Lo que también habría que preguntar al presidente de Estados Unidos es cuál habría sido su reacción si el “perturbado” que acribilló a los estudiantes de Parkland hubiera frecuentado las mezquitas cercanas de Boca Ratón o de Broward. Pocas dudas hay de que la respuesta de Trump, como antes lo fueron la de Obama o la de Bush, se habría medido en misiles lanzados, civiles masacrados en algún país de Oriente Medio y, quizás, alguna que otra invasión. ¿Por qué esa doble vara de medir con los asesinos y esa falta de respeto hacia quienes no tienen “la suerte” de morir bajo las balas disparadas por un terrorista? ¿Por qué nunca hacen nada las distintas administraciones demócratas y republicanas ante este problema que desangra a la sociedad norteamericana?

Dominic Rushe explicó recientemente en este mismo diario las razones que explican el enorme poder que tiene en Estados Unidos la Asociación Nacional del Rifle (NRA), la organización/lobby que agrupa a las empresas y particulares que abogan por mantener el libre acceso a las armas. Tal y como detalla el reputado colega de The Guardian, no se trata solo del dinero que mueve la venta de armas en Estados Unidos, ni de los considerables fondos que la NRA destina a comprar voluntades entre los políticos de Washington, ni de los millones con los que financia campañas electorales como la que aupó a la presidencia al propio Donald Trump; más allá de eso está también la enorme influencia electoral que tiene esa asociación, a través de sus, oficialmente, cinco millones de miembros en activo.

Es cierto que es el Dios Dólar el que bendice que, de aquí a final de año, más de 10.000 estadounidenses vayan a morir porque, parafraseando al inolvidable Freddie Mercury, The business must go on.
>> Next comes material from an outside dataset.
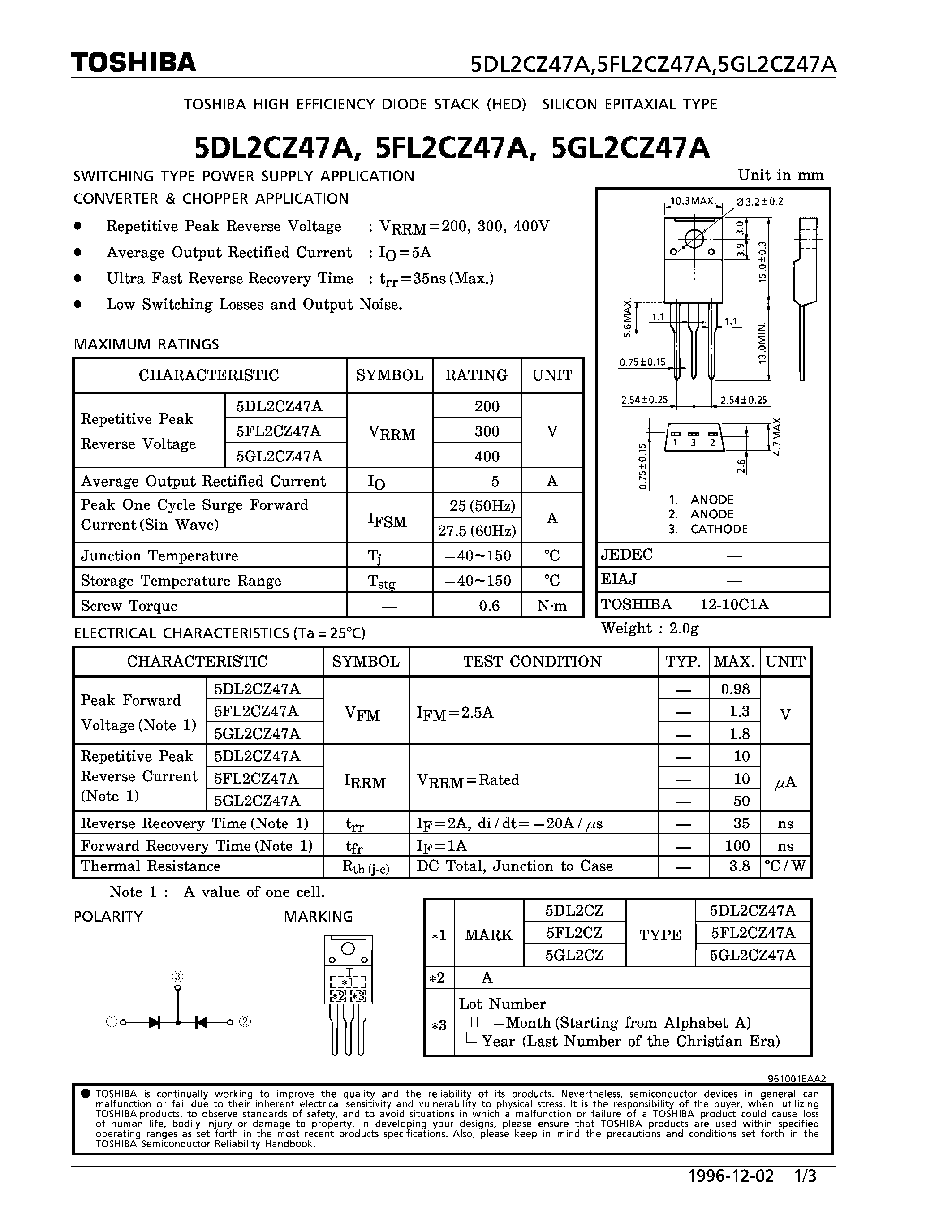 Datasheet 5FL2CZ47A page 1 Datasheet 5FL2CZ47A - HIGH EFFICIENCY DIODE (SWITCHING TYPE POWER SUPPLY/ CONVERTER & CHOPPER APPLICATIONS) page 1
No le demos más vueltas: lo que más pesa y casi lo único que pesa es la pasta. Aún así, no es menos cierto que ese statu quo se sostiene gracias a una América casposa, una América que sigue creyendo que su libertad depende del mantenimiento de una enmienda constitucional redactada a finales del siglo XVIII. Para millones de estadounidenses tener una pistola o una escopeta es un derecho, una tradición y una garantía para poder seguir siendo libres. Haría falta mucha pedagogía para modificar esa mentalidad, mucha honestidad para enfrentarse al lobby del rifle y mucha valentía política para estar dispuesto a perder unos cuantos millones de votos. Nada cambiará mientras en Washington sigan prefiriendo cargar con 15.000 muertes anuales antes que asumir el daño económico y electoral que provocarían una políticas tan restrictivas, y efectivas, como las que se aplican en Europa. Nada cambiará salvo los rostros de las víctimas. Nadie luchará contra este terrorismo porque, de momento, sigue siendo su terrorismo.